Ground 3 – the sentence was manifestly excessive

  1. The applicant referred to the findings regarding the objective seriousness of counts 2 and 3 to support this ground. It was argued that the additional criminality in count 2 was very slight and accordingly the indicative sentence for count 2 should have been minimally accumulated or entirely concurrent with the sentence in respect of count 1. A similar submission was made in relation to count 3. It was also submitted that in relation to count 3, any upward pressure because of the need to take into account the two offences on the Form 1 should have been minimal. It was conceded in oral submissions that partial (notional) accumulation of the indicative sentences was appropriate but submitted that accumulation of around 10 months was outside his Honour’s discretion.

  2. A complaint was made that the judge did not take into account that the offence in count 1 is capable of being disposed of in the Local Court. It was suggested that this may have been influenced by his Honour's assessment of the seriousness of the offending.

  3. The applicant also relied upon the matters argued in support of Grounds 1 and 2 as well as referring to statistics from the Judicial Commission in support of his overall submission of manifest excess.

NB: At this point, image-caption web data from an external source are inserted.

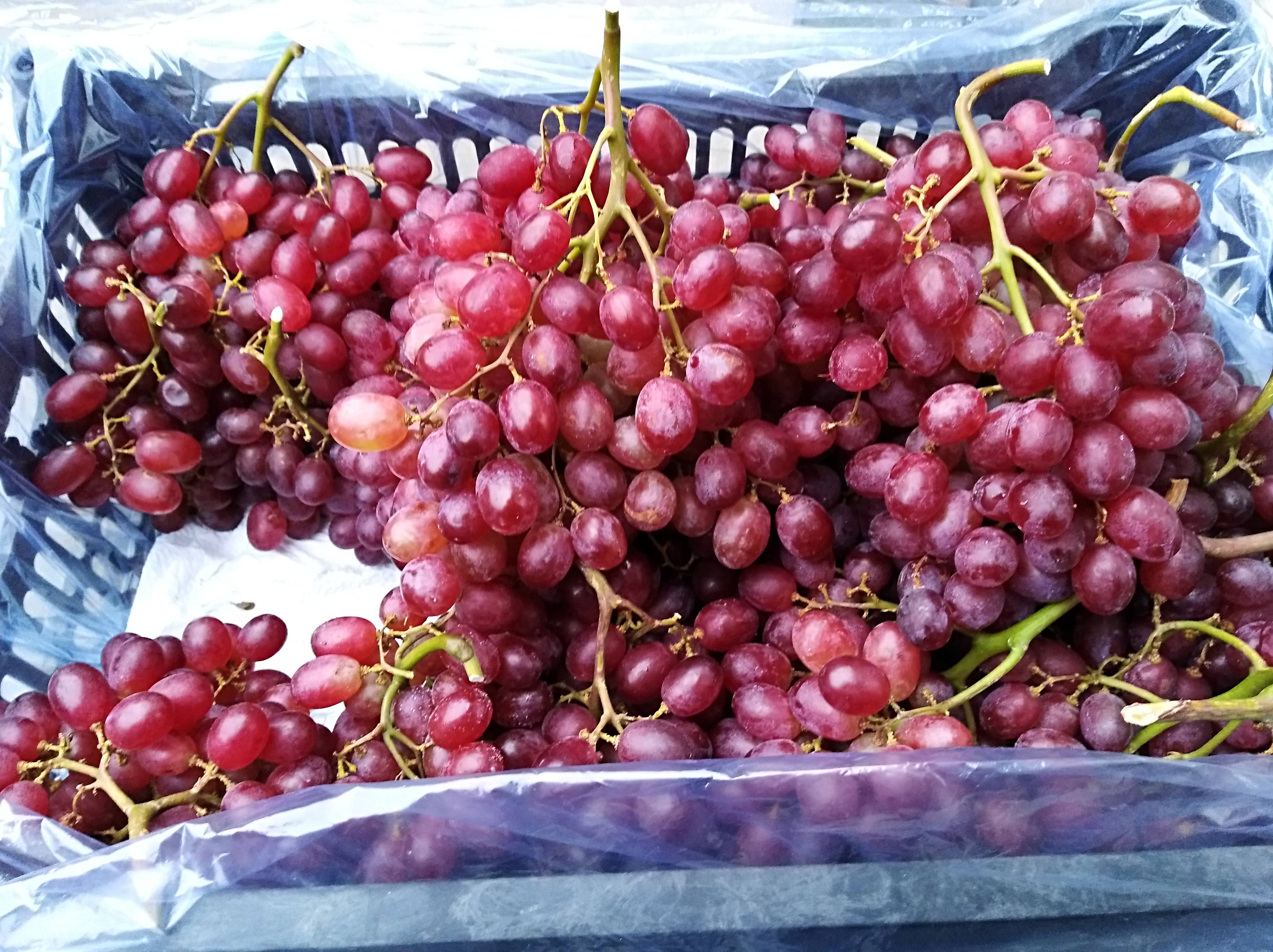 山东乳山市大量供应科瑞森葡萄，欢迎新老客户光临。包吃住，...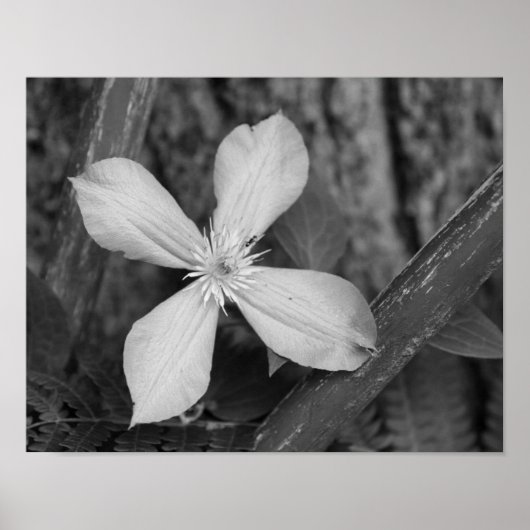 Poster Fleur Clematis Simple Noir Et Blanc (Devant)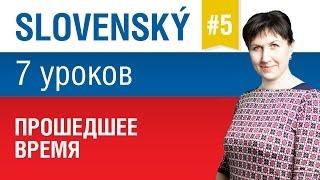 Урок 5. Словацкий язык за 7 уроков для начинающих.Прошедшее время. Елена Шипилова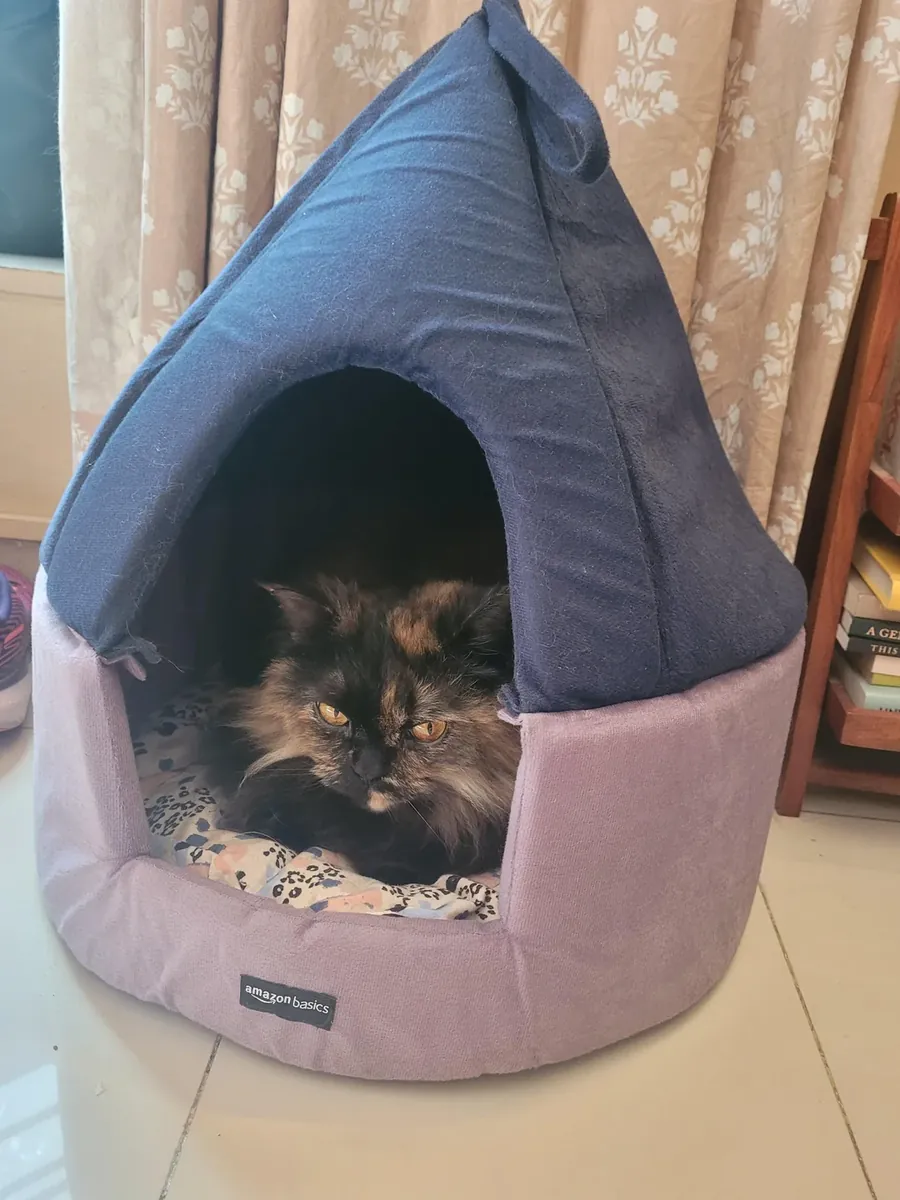 Chat persan à adopter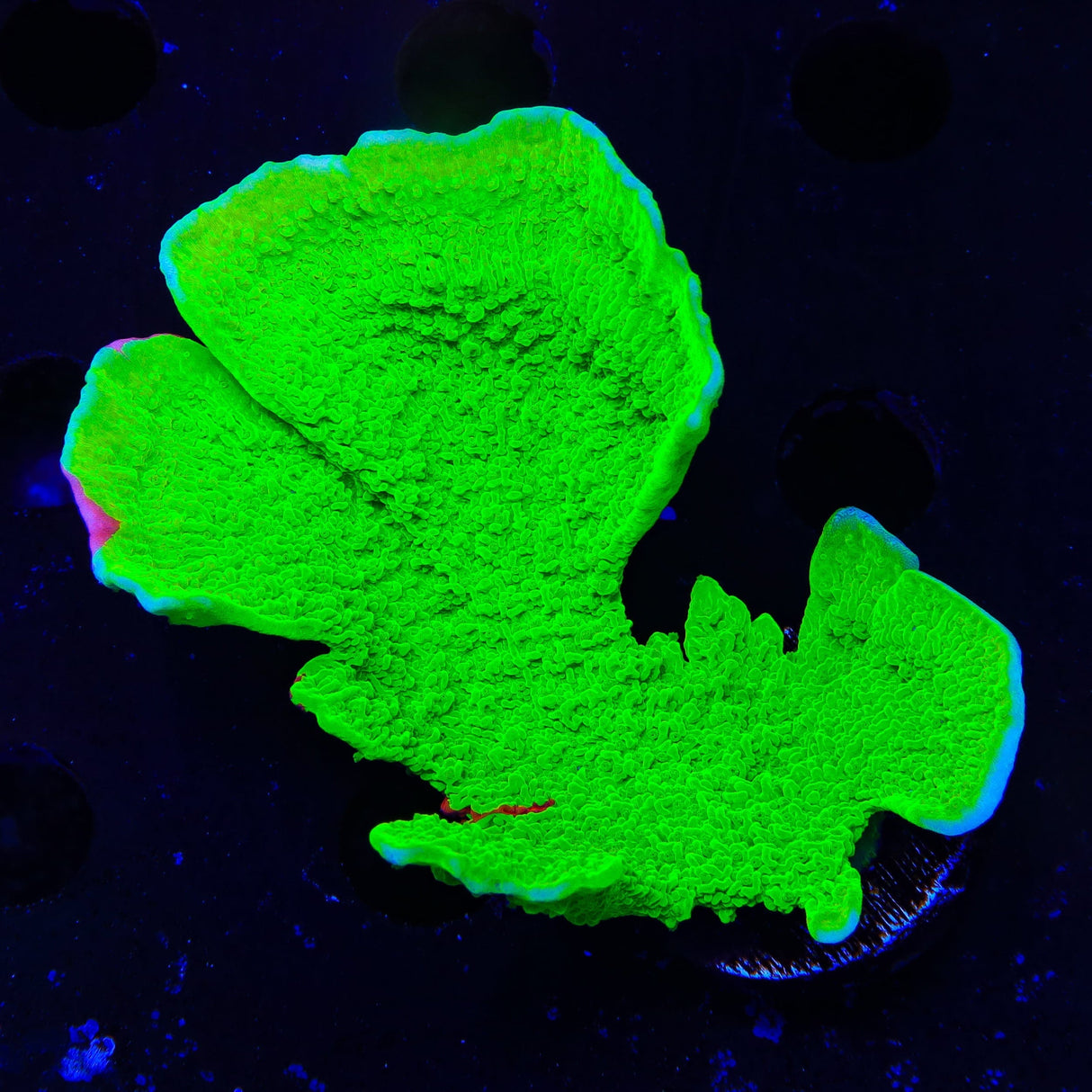 TSA Nuclear Fusion Montipora Cap XL Frag Coral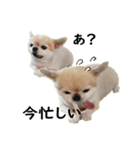 唯我独尊我儘犬『麿～マロ～』（個別スタンプ：6）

  4. The Crown simply submitted that the indicative sentences for counts 2 and 3 were within range; that careful consideration was given regarding partial accumulation which disclosed no error; and that the applicant’s reliance on statistics in these circumstances is unhelpful.

Determination

  1. I have previously indicated that there was no error in relation to the applicant's mental health issues as asserted under Ground 1. It is appropriate at this point to note that in the context of discussing Akbari's rehabilitation prospects, the judge accepted his "mental health issues required treatment as they are likely to have a causal relationship with his illicit drug use". He considered that a lengthy period of parole supervision would assist "to ensure he pursues treatment upon release". Special circumstances pursuant to s 44 of the Crimes (Sentencing Procedure) Act 1999 (NSW) were found, justifying a shortening of the non-parole period of the sentence and enlargement of the parole period because "he will require intensive supervision upon his release". I note that the non-parole component is 60 per cent of the head sentence compared with the usual 75 per cent.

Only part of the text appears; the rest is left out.